It has been awhile since I have posted my daily food intake and since moving my food options have varied be remain to be primal choices. Enjoy this observation and let me know if you have any questions.
- Paleo pancakes – 2 free range eggs, lots of cinnamon, Himalayan sea salt, tablespoon or so of coconut flour, 1/8 cup of almond unsweetened milk, cocoa nibs (for texture, flavor and health benefits) and coconut oil (to grease the pan).
- Black coffee
- 2 probiotics, 2 fish oils, 4,000 IU vitamin D
Side note on why I choose the above – I prefer coconut flour over almond meal/flour. Almond meal/flour is tasty but it is a huge intake of nuts, which have antinutrients. Nuts are a great fuel source but should be consumed in moderation.
I do not put any honey or sugar in my paleo pancakes simply because they are so good and do not need it.
The noted supplements are usually consistent day to day but my vitamin D dose with vary with my activities and recent time spent outside. I prefer cod liver oil but while traveling it is not as conducive.
- Mixture of 2 soups I had in the refrigerator – one was freshly made, which is very similar to the known Weight Watchers cabbage soup and the second is a similar tomato-based soup made with sausage.
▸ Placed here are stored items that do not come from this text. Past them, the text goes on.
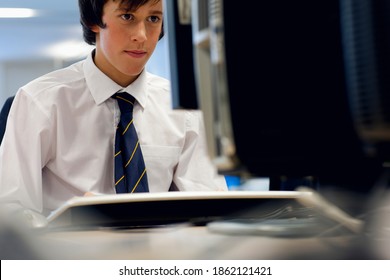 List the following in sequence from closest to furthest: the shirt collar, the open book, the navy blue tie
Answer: the open book < the navy blue tie < the shirt collar

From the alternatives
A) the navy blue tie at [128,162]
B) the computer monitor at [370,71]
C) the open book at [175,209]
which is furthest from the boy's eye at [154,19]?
the computer monitor at [370,71]

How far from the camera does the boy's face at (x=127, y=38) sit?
3.65 feet

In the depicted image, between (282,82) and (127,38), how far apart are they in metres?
0.76

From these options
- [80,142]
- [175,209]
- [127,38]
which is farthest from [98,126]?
[175,209]

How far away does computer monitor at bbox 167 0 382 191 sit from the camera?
1.31ft

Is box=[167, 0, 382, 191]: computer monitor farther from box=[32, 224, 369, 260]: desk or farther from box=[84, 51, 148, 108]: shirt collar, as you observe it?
box=[84, 51, 148, 108]: shirt collar

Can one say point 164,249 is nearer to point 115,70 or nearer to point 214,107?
point 214,107

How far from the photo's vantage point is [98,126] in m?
1.07

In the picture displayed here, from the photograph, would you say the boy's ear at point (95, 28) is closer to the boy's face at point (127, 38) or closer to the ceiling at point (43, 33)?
the boy's face at point (127, 38)

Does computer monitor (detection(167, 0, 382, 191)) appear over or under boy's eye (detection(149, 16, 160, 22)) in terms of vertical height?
under

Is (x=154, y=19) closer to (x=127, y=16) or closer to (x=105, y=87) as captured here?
(x=127, y=16)

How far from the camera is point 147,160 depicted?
1111 millimetres

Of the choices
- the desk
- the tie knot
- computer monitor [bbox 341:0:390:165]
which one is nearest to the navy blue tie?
the tie knot

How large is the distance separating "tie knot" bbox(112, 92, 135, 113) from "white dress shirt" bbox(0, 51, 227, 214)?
0.05 feet
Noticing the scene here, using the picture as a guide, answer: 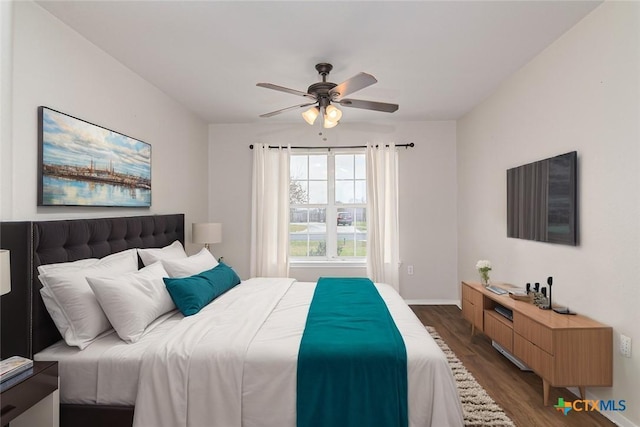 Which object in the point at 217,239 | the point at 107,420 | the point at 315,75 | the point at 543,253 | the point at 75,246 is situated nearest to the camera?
the point at 107,420

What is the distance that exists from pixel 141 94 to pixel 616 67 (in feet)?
12.0

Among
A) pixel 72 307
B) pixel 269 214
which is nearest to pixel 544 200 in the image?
pixel 269 214

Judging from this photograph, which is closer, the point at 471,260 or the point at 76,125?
the point at 76,125

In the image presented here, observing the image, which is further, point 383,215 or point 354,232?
point 354,232

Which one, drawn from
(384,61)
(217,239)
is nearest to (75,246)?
(217,239)

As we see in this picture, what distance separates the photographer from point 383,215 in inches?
184

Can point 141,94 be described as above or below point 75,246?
above

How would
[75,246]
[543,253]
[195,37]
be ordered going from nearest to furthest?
[75,246] < [195,37] < [543,253]

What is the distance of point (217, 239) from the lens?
4.15m

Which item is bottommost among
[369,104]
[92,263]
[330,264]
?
[330,264]

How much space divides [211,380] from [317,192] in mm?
3443

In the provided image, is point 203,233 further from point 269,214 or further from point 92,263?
point 92,263

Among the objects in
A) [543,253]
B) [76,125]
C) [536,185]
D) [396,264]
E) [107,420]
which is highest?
[76,125]

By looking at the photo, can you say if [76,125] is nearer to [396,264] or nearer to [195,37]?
[195,37] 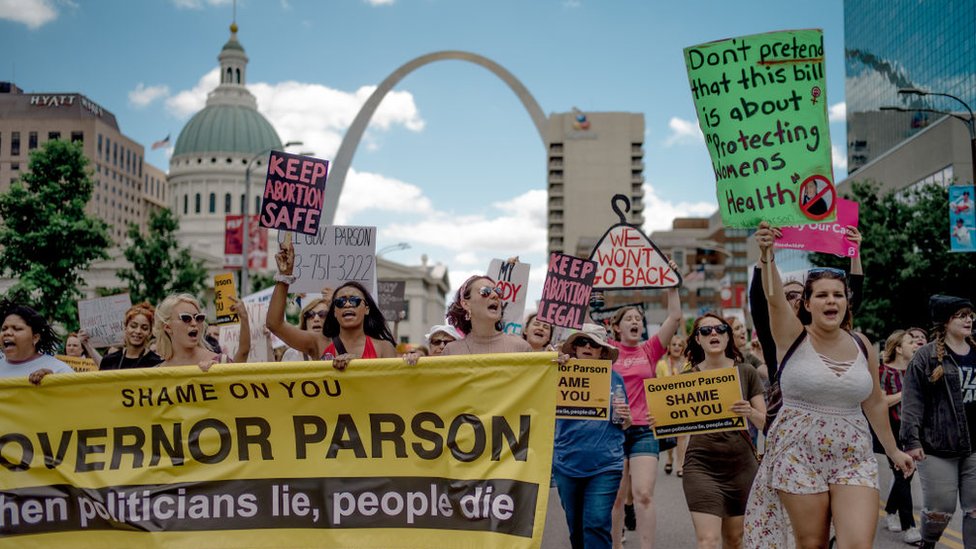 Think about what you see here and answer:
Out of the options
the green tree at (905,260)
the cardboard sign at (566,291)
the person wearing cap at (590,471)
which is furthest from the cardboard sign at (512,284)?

- Handful of pecans, as a side.
Snack – dill pickle half
- Bowl of cabbage soup
- Grilled chicken – shredded it and heated it in my soup
(All leftovers I had around)
Snack – Homemade gluten free cookie with a teaspoon of almond butter on top, Water
If I were to be a self-critic I would view this day and suggest I did a pretty good idea. Is it perfect? No. But if I were to striving for perfection with what I ate, I do not think I would have enjoyed it as much and there would present an extra layer of stress; which we do not need in our busy day. I would however, suggest more raw food. I could have easily thrown in some of the garden peppers into my salad and to be honest, I didn’t because I was lazy. On to a new day with the new opportunity to succeed.